The 1st-level Sor/Wiz spell disguise self [illus] (Player's Handbook 222), in part, says, "You can seem 1 foot shorter or taller, thin, fat, or in between. You cannot change your body type. For example, a human caster could look human, humanoid, or like any other human-shaped bipedal creature." (Like most examples, this is omitted from the linked version of the spell that's from the System Reference Document.) To be clear, a changeling's normal form is that of a human-shaped bipedal creature. Further, it says, "You could add or obscure a minor feature or look like an entirely different person" (ibid.).
Thus a DM would have to ignore the examples—or have an extremely open-minded definition of "human-shaped bipedal creature"—to allow a changeling through the use of the supernatural ability minor change shape to assume the form of literally nonexistent creatures like some the question describes. For example, so far as I'm aware no official human-shaped bipedal creature possesses two stubby legs, a 1"-long torso, and a 5-ft.-long neck. Such a thing isn't a human anymore but a human except. Everything—anything—after that except is entirely at the DM's discretion. And I'd go to the table anticipating the DM to say no to most excepts that I propose.

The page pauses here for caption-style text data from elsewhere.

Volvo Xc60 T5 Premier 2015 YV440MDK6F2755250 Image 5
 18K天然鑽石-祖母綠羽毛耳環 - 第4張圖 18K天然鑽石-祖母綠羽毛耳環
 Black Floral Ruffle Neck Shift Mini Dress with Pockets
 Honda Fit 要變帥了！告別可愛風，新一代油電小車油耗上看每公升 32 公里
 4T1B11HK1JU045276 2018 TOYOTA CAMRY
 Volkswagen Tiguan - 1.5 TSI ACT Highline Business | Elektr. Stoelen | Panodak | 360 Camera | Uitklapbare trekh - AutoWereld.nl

Even were such a creature like the example above to've been published, a really strict DM could rule that, given its proportions, such a creature just isn't human-shaped. I mean, imagine if a TV show had a witness describe a creature that looks like the one in the question's illustration, but the witness ended that description with But, other than that, it looked just like a normal dude! That's not drama but comedy, not X-Files but Ghosted.
A DM that nonetheless allows a changeling to change form into nonexistent creatures—like a creature that looks human except for its 50-ft.-long hair, 50-ft.-long fingers, and 50-ft.-long tail—runs the risk of having set a soft precedent of allowing other form-changing effects to do the same. This makes form-changing effects—already one of the game's most difficult-to-manage areas—even more powerful. (By the way, even were this DM to allow such forms—and he wouldn't—, he'd still nix a tailless creature using the effect to add a 50-ft. tail; in this DM's opinion, that's not a minor feature but a major one.)
In addition, the disguise self spell and, by extension, the minor change shape ability probably can't obscure a human-shaped creature's limbs. It's unclear what the disguise self spell means when it says, "You can't change your body type," but the DM may rule that that alone prohibits removing limbs. Also, I'm sure that most folks consider a limb more than a minor feature, and that means limbs can't be obscured by the effects. Keep in mind that limb loss in 3.5 is usually either a narrative device or a choice, 3.5 having removed most of previous editions' causes of dismemberment. Two-legged human pirates should vastly outnumber the one-legged ones.
Finally, a "changeling reverts to his natural form when killed" (RE 41), but the supernatural ability alternate form that the ability minor change shape resembles says, "A creature using alternate form reverts to its natural form when killed, but separated body parts retain their shape" (Monster Manual 305). With this in mind, this DM would likely allow a changeling to use the minor change shape ability to change form into itself but with Guinness-long hair (probably with a maximum length of 20 ft. for humans; see here), cut that hair, and have that cut hair continue to exist afterward. This DM can imagine free raw materials for crafting rope unbalancing a campaign eventually, but that doesn't sound like the kind of campaign this DM would enjoy running.